*Required work*: Write out the records that appear below, verbatim and complete, but without pictures.

[Crawled caption data]

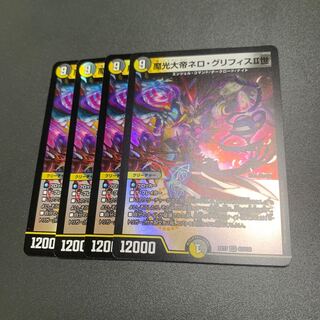 魔光大帝ネロ・グリフィスII世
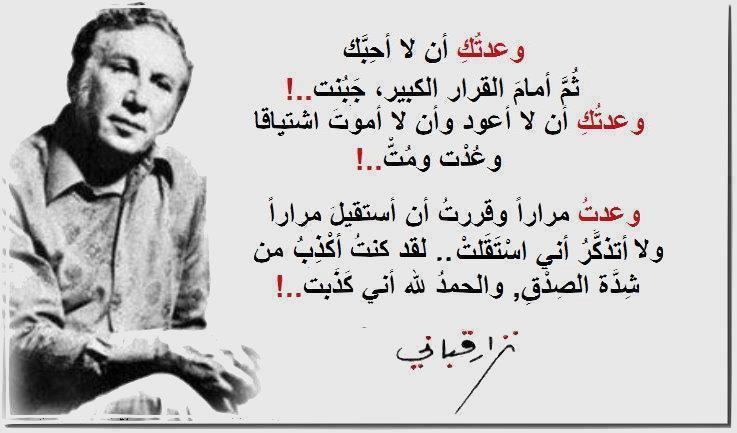 شعر الغرام نزار قباني 18630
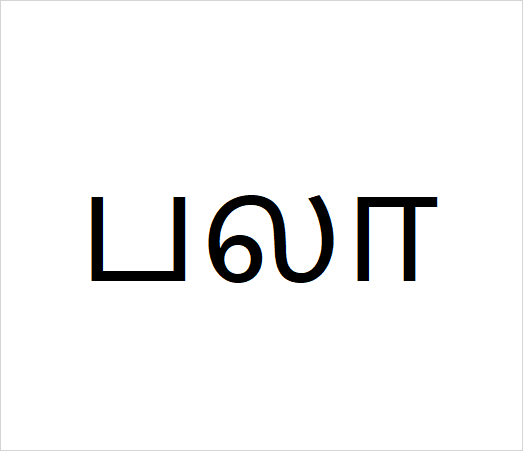 Pala
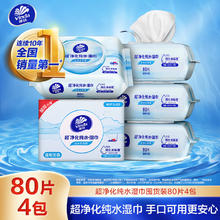 Vinda 维达 超净化纯水湿巾 婴儿湿巾 80片*4包 手口可用 湿巾大包29.87元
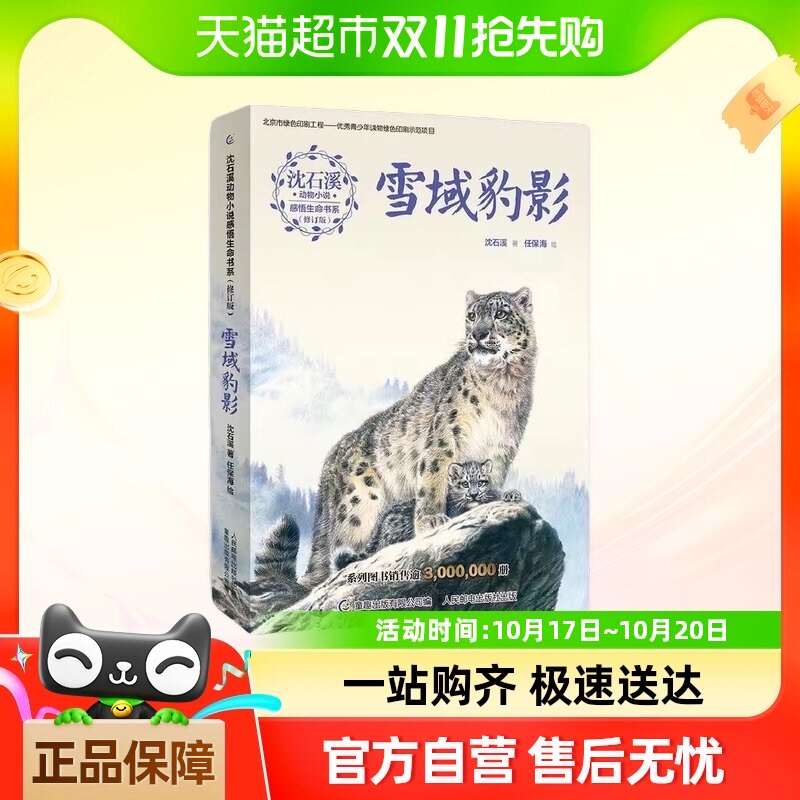 沈石溪动物小说感悟生命书系(修订版) 雪域豹影 与课堂教学挂钩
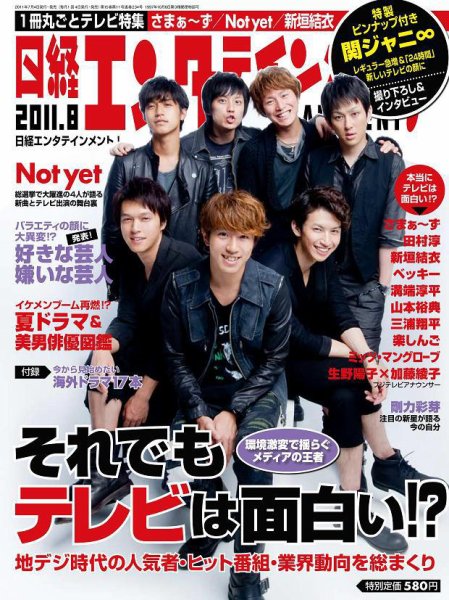 日経エンタテインメント！ 8月号 (発売日2011年07月04日) 表紙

*Written reply*:
 魔光大帝ネロ・グリフィスII世
 شعر الغرام نزار قباني 18630
 Pala
 Vinda 维达 超净化纯水湿巾 婴儿湿巾 80片*4包 手口可用 湿巾大包29.87元
 沈石溪动物小说感悟生命书系(修订版) 雪域豹影 与课堂教学挂钩
 日経エンタテインメント！ 8月号 (発売日2011年07月04日) 表紙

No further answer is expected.